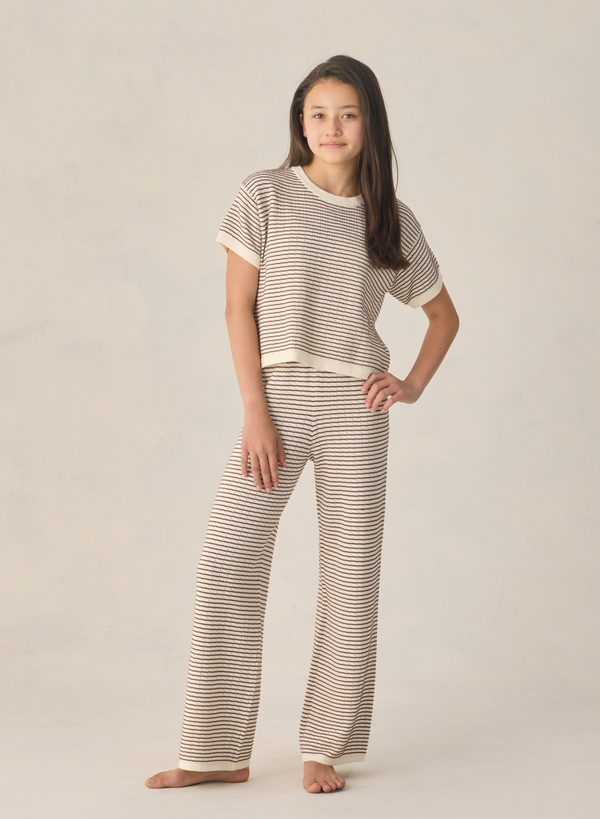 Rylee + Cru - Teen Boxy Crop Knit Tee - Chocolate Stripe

--

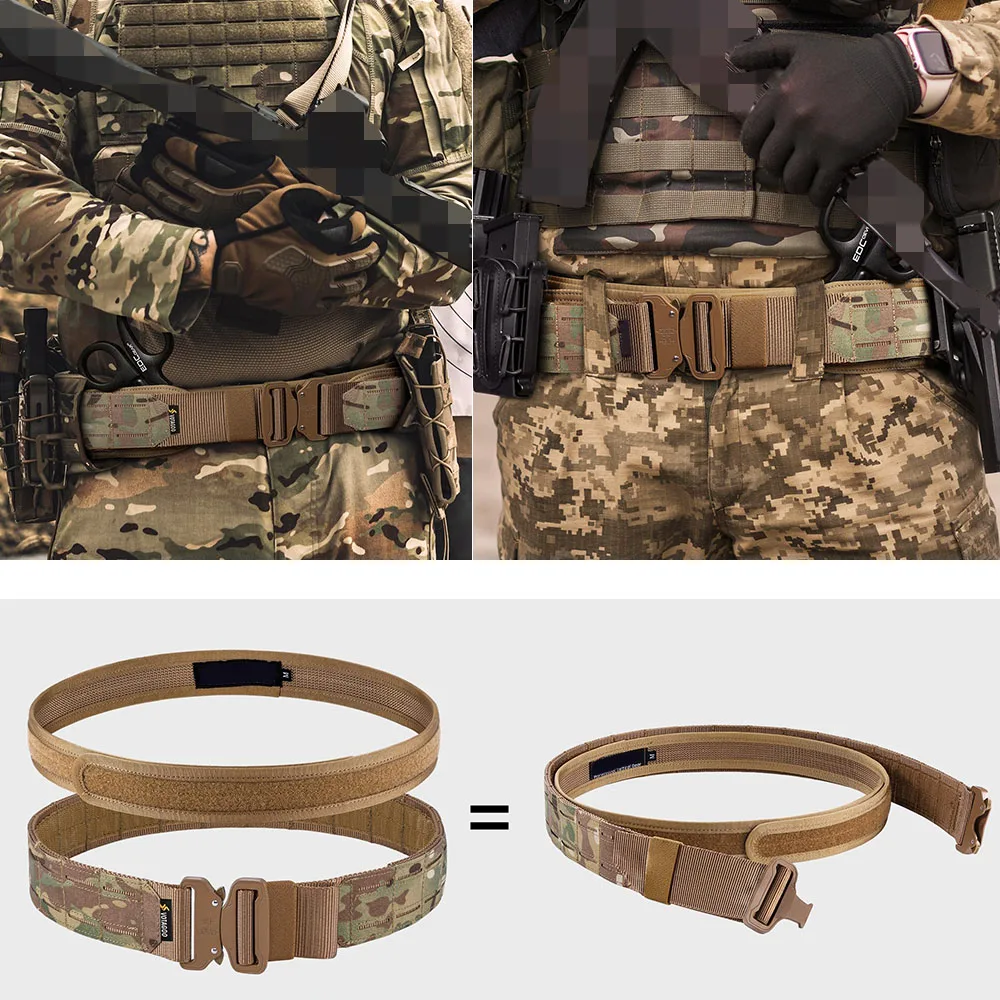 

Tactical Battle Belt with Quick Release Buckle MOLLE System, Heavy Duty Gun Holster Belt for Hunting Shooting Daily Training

* * *

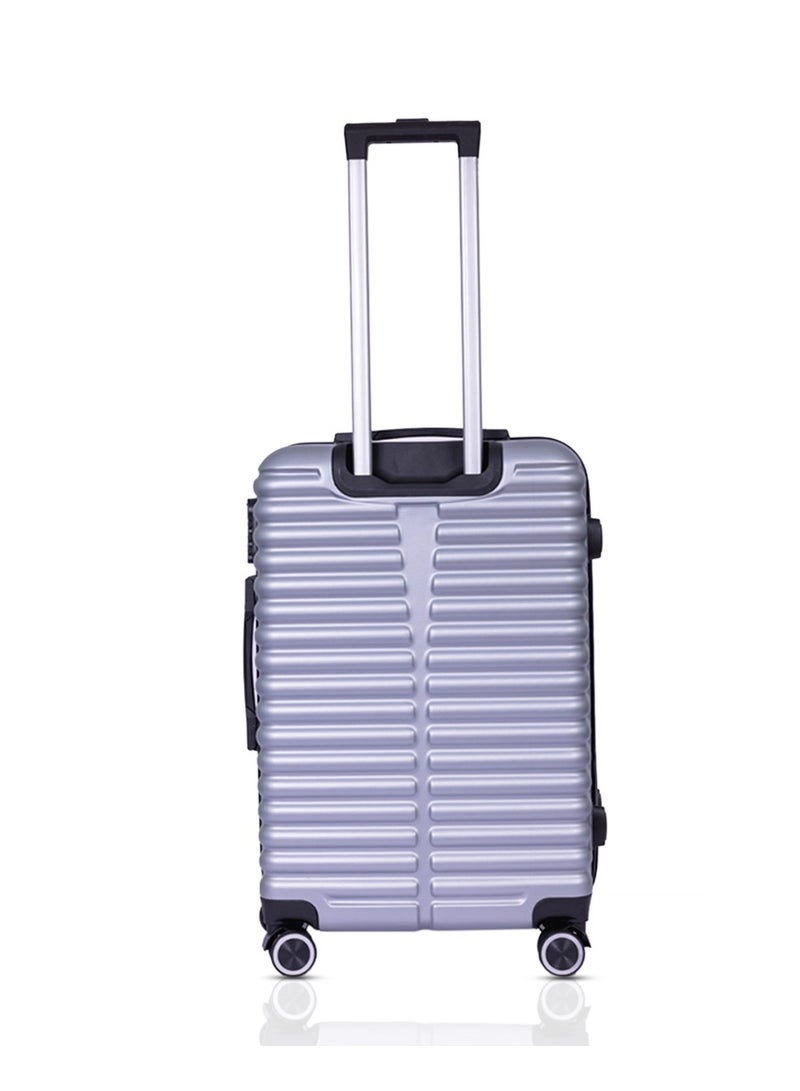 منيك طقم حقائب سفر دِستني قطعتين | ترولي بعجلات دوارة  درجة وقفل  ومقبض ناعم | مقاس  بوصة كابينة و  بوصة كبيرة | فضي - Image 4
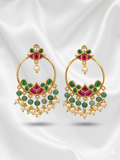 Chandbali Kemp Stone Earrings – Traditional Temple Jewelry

→ **What is being asked**
In the listing above, find the line with "منيك طقم حقائب" and output every line through the one with "Chandbali Kemp Stone", exactly, without the pictures.

→ **Your response**
 منيك طقم حقائب سفر دِستني قطعتين | ترولي بعجلات دوارة  درجة وقفل  ومقبض ناعم | مقاس  بوصة كابينة و  بوصة كبيرة | فضي - Image 4
 Chandbali Kemp Stone Earrings – Traditional Temple Jewelry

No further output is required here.